> Required work:
Write out the line with "Verrou à bouton" and every later line through the end of the data below, exactly as given, with no pictures in the copy.

> Data excerpt:
______
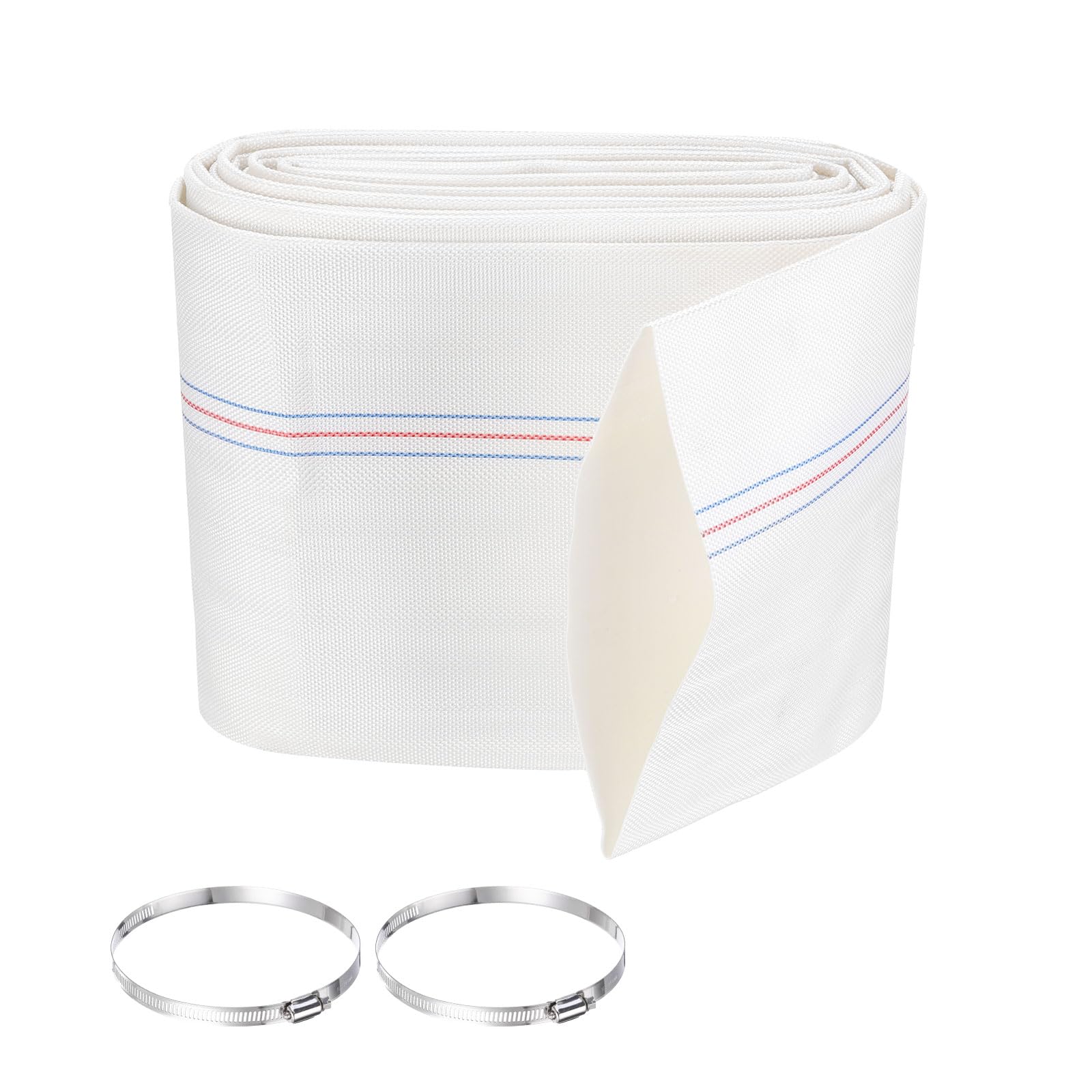 Rebower Pool Backwash Hose, 6 Inch x 30ft Reinforced Drain Hose PVC Lay Flat Water Discharge Pump Hoses for Pool Filter Swimming Pump, with 2pcs Clamps, White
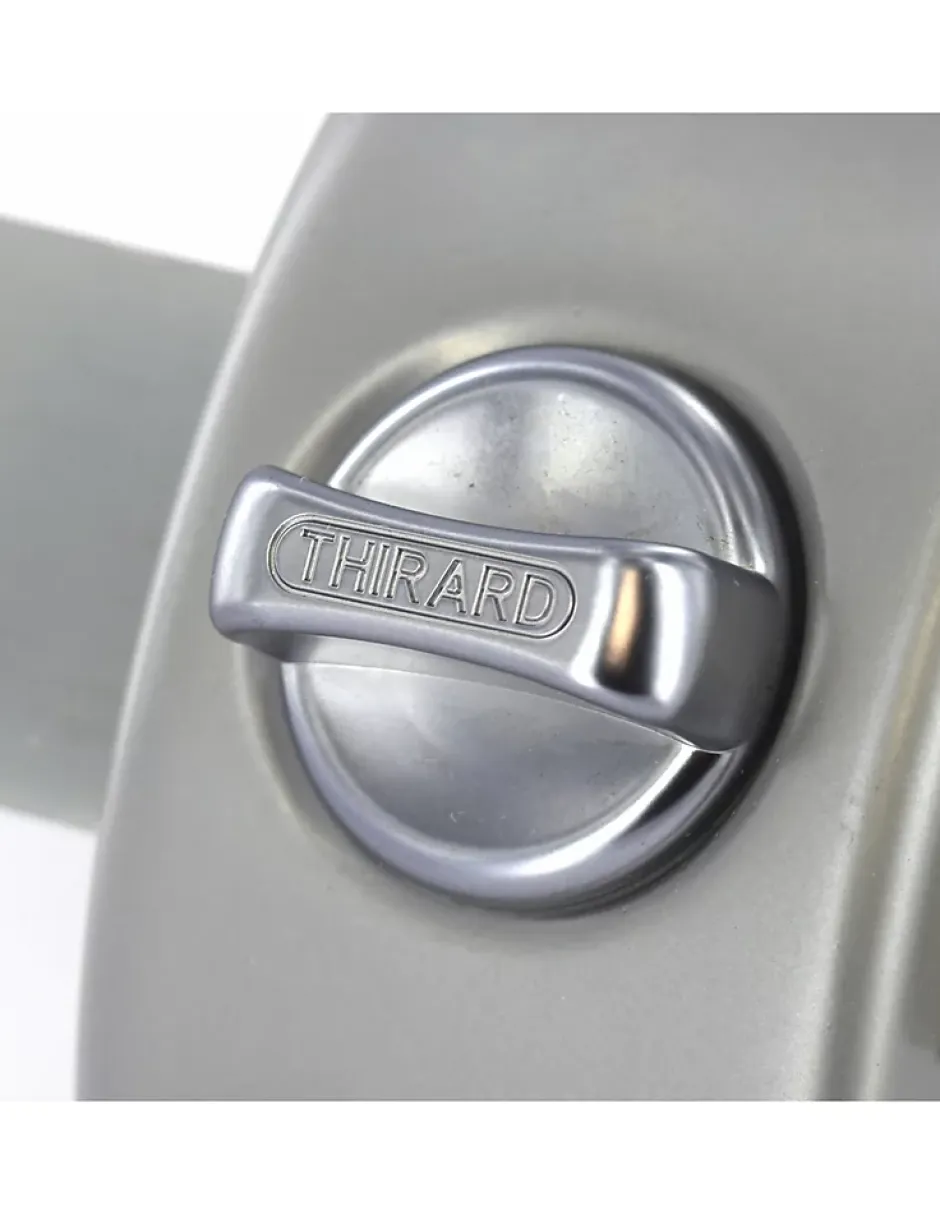 Verrou à bouton Design 5 pour porte d'entrée, cylindre 50mm, acier, 3 clés, argent --Thirard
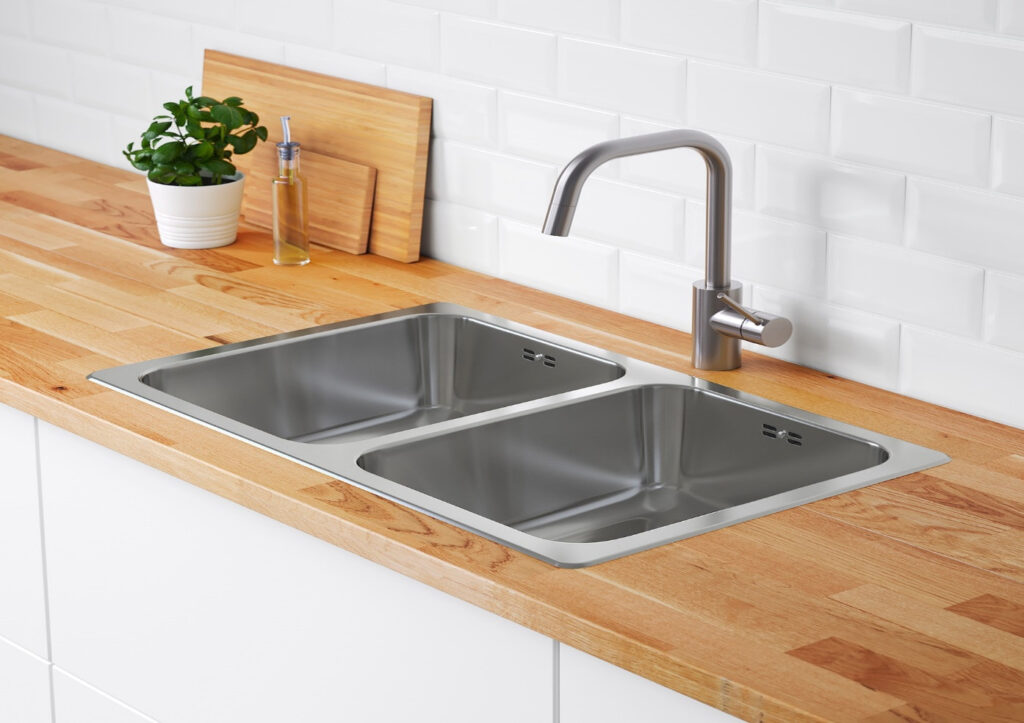 double bowl top mount sink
______
> Solution to this problem:
 Verrou à bouton Design 5 pour porte d'entrée, cylindre 50mm, acier, 3 clés, argent --Thirard
 double bowl top mount sink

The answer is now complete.